Add a proxy when you have two or more backends

Add a proxy when:

  • You have two or more backends, or you want failover between a primary and a fallback
  • More than one application is using the same inference infrastructure
  • You need per-backend visibility (latency, error rates) rather than a single opaque endpoint
  • You are using multi-turn conversations and want KV-cache-aware routing

At this point, deploy Olla (or another proxy) in front of your backends. Your applications talk to the proxy; the proxy manages the backends.

Add a gateway when tenancy requirements arrive

Add a gateway when:

  • Multiple teams within your organisation are using the same inference infrastructure and you need per-team API keys and usage attribution
  • You are building a product where external customers consume inference resources you provide
  • You need rate limiting, budget enforcement, or audit logging at the tenant level

Alloy is our gateway layer for this.

Add a platform when the fleet outgrows manual operation

Add a platform when:

  • You have more inference nodes than you can manage with per-machine configuration
  • You need scheduled scaling in response to load patterns
  • Rolling model updates, node health tracking, and fleet-wide observability have become operational requirements

FoundryOS is our platform for this stage (early access).

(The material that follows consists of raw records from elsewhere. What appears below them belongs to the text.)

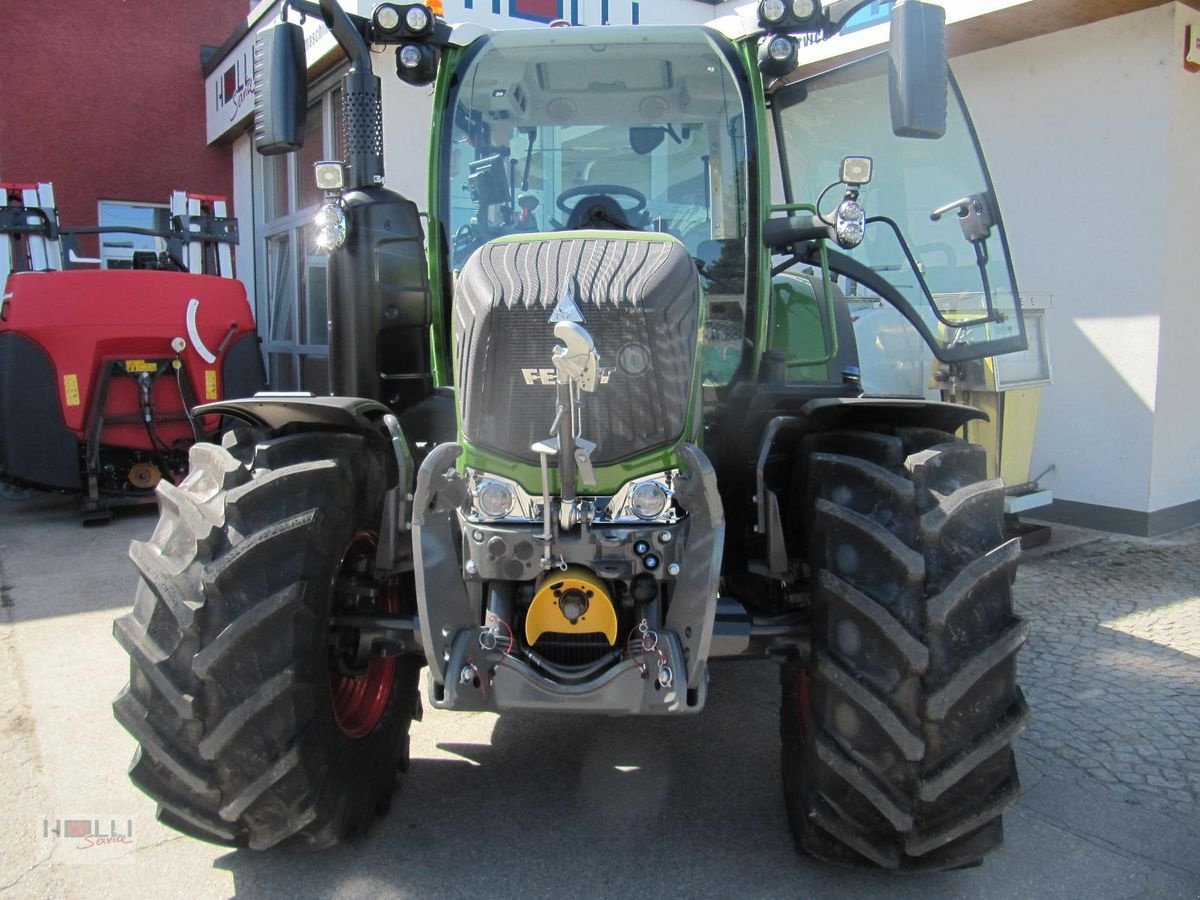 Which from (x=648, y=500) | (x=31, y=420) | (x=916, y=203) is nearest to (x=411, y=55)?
(x=648, y=500)

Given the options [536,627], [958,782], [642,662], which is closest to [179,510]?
[536,627]

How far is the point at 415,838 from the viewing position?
9.45ft

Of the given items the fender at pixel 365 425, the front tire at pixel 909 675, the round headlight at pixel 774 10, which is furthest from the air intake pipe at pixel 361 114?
the front tire at pixel 909 675

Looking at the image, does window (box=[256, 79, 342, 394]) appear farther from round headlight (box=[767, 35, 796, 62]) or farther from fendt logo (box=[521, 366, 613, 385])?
fendt logo (box=[521, 366, 613, 385])

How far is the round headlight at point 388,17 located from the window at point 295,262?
246 inches

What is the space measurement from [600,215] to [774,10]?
34.3 inches

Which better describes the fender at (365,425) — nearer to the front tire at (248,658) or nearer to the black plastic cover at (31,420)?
the front tire at (248,658)

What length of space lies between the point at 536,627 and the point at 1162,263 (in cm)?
555

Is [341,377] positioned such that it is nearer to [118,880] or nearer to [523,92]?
[523,92]

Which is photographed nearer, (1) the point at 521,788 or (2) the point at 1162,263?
(1) the point at 521,788

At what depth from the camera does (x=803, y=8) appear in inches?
130

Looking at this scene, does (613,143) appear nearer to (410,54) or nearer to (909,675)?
(410,54)

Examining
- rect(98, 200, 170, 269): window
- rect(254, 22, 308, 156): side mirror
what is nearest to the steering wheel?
rect(254, 22, 308, 156): side mirror

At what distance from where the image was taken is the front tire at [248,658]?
2434mm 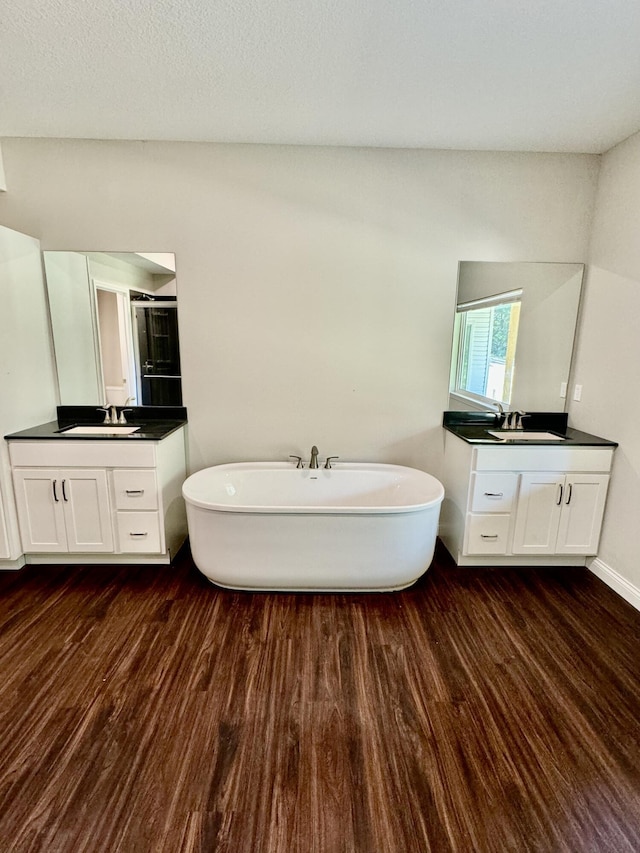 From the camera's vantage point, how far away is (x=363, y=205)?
8.95ft

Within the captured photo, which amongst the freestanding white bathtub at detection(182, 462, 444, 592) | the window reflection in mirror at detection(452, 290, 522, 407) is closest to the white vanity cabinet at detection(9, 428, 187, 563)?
the freestanding white bathtub at detection(182, 462, 444, 592)

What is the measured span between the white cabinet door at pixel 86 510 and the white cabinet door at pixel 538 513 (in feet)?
8.38

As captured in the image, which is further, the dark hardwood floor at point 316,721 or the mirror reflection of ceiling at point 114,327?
the mirror reflection of ceiling at point 114,327

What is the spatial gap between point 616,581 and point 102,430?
132 inches

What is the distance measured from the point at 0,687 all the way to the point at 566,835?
7.01 feet

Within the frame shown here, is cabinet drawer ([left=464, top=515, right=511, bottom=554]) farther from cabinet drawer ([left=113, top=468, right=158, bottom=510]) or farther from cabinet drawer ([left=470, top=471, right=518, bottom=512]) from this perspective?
cabinet drawer ([left=113, top=468, right=158, bottom=510])

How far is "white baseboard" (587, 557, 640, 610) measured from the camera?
237 cm

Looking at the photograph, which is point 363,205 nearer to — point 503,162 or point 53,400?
point 503,162

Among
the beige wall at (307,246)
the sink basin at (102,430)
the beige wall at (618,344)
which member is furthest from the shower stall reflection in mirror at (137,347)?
the beige wall at (618,344)

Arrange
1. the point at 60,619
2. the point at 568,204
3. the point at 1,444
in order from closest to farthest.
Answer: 1. the point at 60,619
2. the point at 1,444
3. the point at 568,204

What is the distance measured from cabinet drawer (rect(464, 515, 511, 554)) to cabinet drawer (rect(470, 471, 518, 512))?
0.06 meters

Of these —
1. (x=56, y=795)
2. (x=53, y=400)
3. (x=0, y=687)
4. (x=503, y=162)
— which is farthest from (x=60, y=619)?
(x=503, y=162)

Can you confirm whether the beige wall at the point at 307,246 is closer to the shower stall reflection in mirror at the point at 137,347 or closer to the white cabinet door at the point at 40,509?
the shower stall reflection in mirror at the point at 137,347

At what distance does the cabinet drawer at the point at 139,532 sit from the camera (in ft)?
8.45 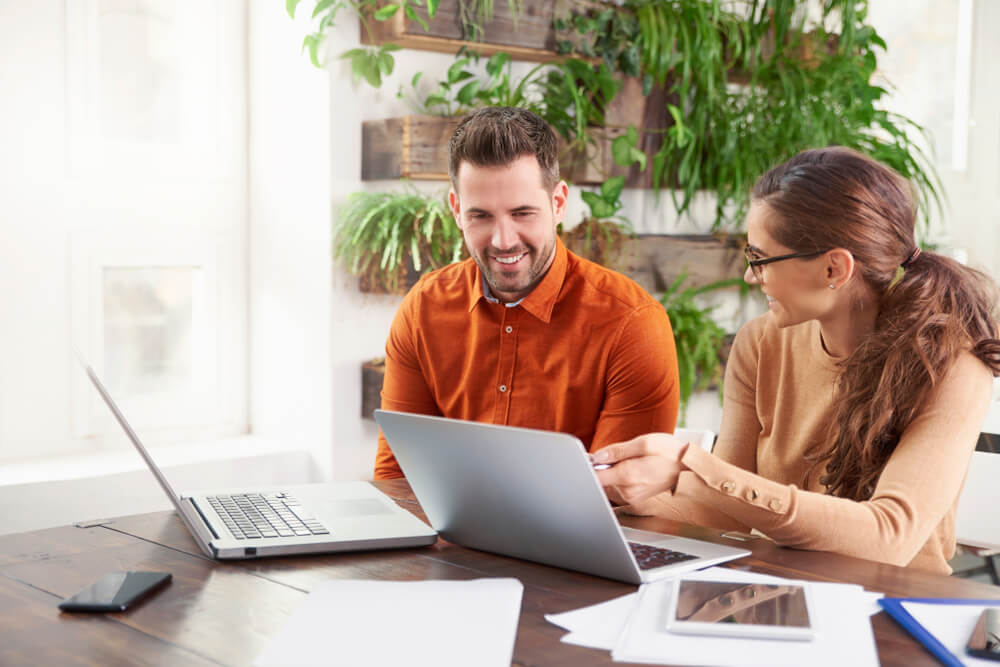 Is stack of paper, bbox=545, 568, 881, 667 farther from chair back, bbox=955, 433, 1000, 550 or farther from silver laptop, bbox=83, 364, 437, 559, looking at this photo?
chair back, bbox=955, 433, 1000, 550

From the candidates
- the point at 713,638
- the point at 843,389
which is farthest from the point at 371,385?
the point at 713,638

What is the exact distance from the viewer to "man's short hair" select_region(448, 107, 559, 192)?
2023mm

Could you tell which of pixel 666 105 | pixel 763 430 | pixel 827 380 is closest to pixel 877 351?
pixel 827 380

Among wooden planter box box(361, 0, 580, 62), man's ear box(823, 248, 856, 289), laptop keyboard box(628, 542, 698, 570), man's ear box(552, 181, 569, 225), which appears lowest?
laptop keyboard box(628, 542, 698, 570)

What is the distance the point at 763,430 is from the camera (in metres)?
1.99

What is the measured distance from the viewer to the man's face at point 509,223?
2.03m

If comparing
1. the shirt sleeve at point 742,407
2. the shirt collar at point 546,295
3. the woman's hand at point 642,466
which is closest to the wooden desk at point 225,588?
the woman's hand at point 642,466

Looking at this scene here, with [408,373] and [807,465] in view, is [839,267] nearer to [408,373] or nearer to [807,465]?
[807,465]

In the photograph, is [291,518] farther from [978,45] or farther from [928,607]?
[978,45]

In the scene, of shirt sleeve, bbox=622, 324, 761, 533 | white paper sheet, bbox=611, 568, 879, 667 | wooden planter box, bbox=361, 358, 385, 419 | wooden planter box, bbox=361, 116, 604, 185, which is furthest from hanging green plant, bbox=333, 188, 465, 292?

The right order matters. Do not stand up a fleet orchestration platform on day one. Do not add a gateway until you have tenancy requirements. Each layer adds operational surface area - only add it when the problem demands it.


Decision checklist

  • Self-hosting earns its keep at steady scale, when data residency is required, when latency matters, or when vendor independence is a priority.
  • Start with one backend. Ollama or vLLM depending on whether you need fast setup or high-throughput production serving.
  • Add a proxy (Olla, or similar) as soon as you have two backends or need a stable endpoint for more than one application.
  • Hardware sizing starts with VRAM. Know your model's quantised weight size, your concurrency requirements, and your latency target before ordering. For Mixture-of-Experts models, size VRAM against total parameters, not active parameters.
  • Data sovereignty is a hard requirement in many regulated industries. On-premise inference removes the overseas-disclosure question entirely.
  • Add a gateway (Alloy) only when multi-tenant key management and budget enforcement are actual requirements - not anticipated ones.
  • Add a platform (FoundryOS) only when the fleet outgrows per-machine operational management.
  • Cost: cloud APIs win at low volume; self-hosted wins at steady, predictable scale. Do the arithmetic for your specific workload.